The Company is included in the Sekisui House US Holdings, LLC. (parent of SH Residential Holdings, LLC) consolidated tax group for U.S. federal income tax purposes. Although the Company’s results are included in the Sekisui House consolidated return, our income tax provision is calculated primarily as though we were a separate taxpayer. However, under certain circumstances, transactions between the Company and Sekisui House are assessed using consolidated tax return rules and any difference in liability between the separate company method is planned to be addressed in a future tax sharing arrangement.

Our overall effective income tax rates were 2.5% for the three months ended March 31, 2026 and 18.1% for the three months ended March 31, 2025. The rates for the three months ended March 31, 2026 and 2025 resulted in an income tax benefit (expense) of $0.2 million and $(16.9) million, respectively. The year-over-year decrease in our effective tax rate for the three months ended March 31, 2026 was primarily due to the impact the interest for uncertain tax positions and the change in the state rate are having on the relatively small tax benefit compared to the larger tax provision during the same period in the prior year.
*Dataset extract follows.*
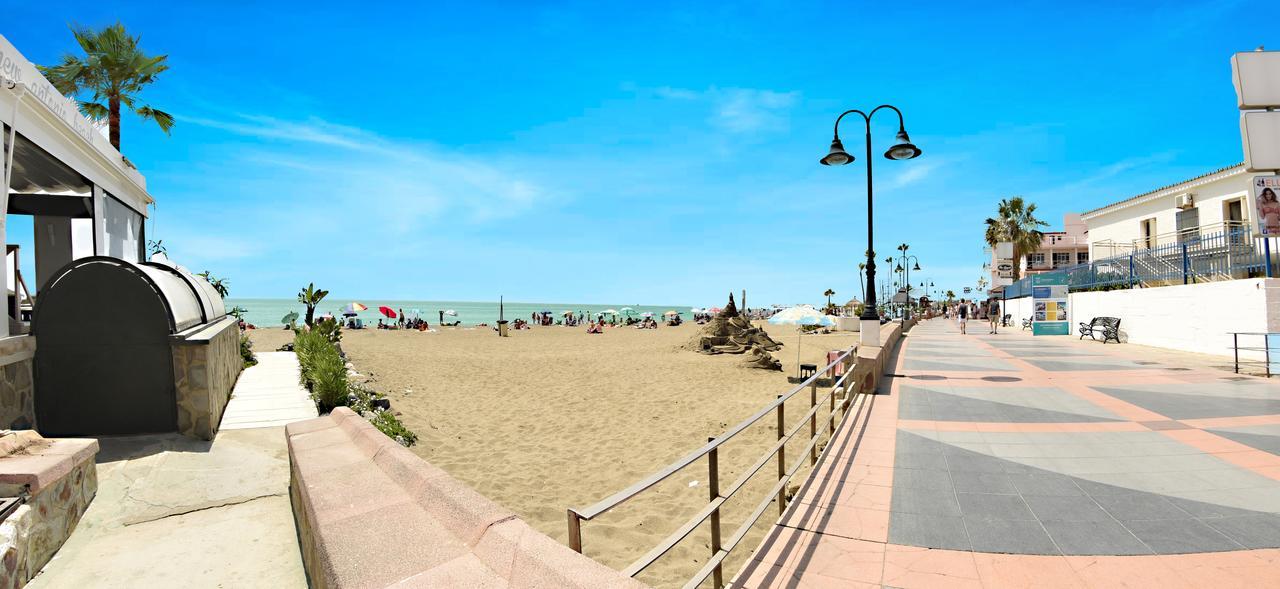 Apartamento Playa 76 토레몰리노스 외부 사진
12.    Senior Notes and Notes Payable
Senior notes. The carrying values of our senior notes as of March 31, 2026 and December 31, 2025, net of any unamortized debt issuance costs or discount, were as follows:
March 31,
2026
December 31, 2025
(Dollars in thousands)
3.850% Senior Notes due January 2030, net
$298,830 $298,758 
2.500% Senior Notes due January 2031, net
348,400 348,321 
6.000% Senior Notes due January 2043, net
491,926 491,858 
3.966% Senior Notes due August 2061, net
346,241 346,229 
Total$1,485,397 $1,485,166 
Our senior notes are not secured and, while the senior note indentures contain some restrictions on secured debt and other transactions, they do not contain financial covenants. Our senior notes are fully and unconditionally guaranteed on an unsecured basis, jointly and severally, by most of our homebuilding segment subsidiaries (including newly added subsidiaries of Woodside, Chesmar and Holt in March 2026), with the termination date of the guarantees being upon the maturity of the senior notes. The guarantors would be required to perform upon instances of default. We believe that we are in compliance with the representations, warranties and covenants in the senior note indentures.
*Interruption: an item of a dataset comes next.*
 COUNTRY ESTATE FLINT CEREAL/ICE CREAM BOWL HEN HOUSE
Notes payable, net. Woodside had a term debt agreement ("Woodside Note") with Sumitomo Mitsui Banking Corporation ("SMBC") for $330.0 million at an interest rate of 2.09%. The Woodside Note was guaranteed by SHL. The Woodside Note was transferred to the Parent effective October 28, 2025, with no continuing obligations existing for either Woodside or SHUS.
Chesmar had a term debt agreement ("Chesmar Note") with SMBC for $100 million at an interest rate of 3.47%. The Chesmar Note was guaranteed by SHL. Outstanding principal and interest of the Chesmar Note was paid in full on July 29, 2025.
Holt had a term debt agreement ("Holt Note") with Mizuho Bank, Ltd. for $100 million at an interest rate of 2.427%. The Holt Note was guaranteed by SHL. The Holt Note was transferred to the Parent effective October 28, 2025, with no continuing obligations existing for either Holt or SHUS.
The Company had a promissory note with Surland Companies, LLC for $31.0 million with no interest until the maturity date, on December 31, 2025. This promissory note was in connection with a land sale purchase and related deferred purchase price. Effective December 31, 2025 the Company paid the $31.0 million due under the promissory note with Surland Companies, LLC.
Holt has a promissory note with GME Development, LLC for $3.0 million at an interest rate of 2.08%, with outstanding principal and interest due and payable upon maturity on December 31, 2026. This promissory note is in connection with a land purchase and phased takedown. Outstanding principal and interest was $3.0 million as of December 31, 2025 and 2024.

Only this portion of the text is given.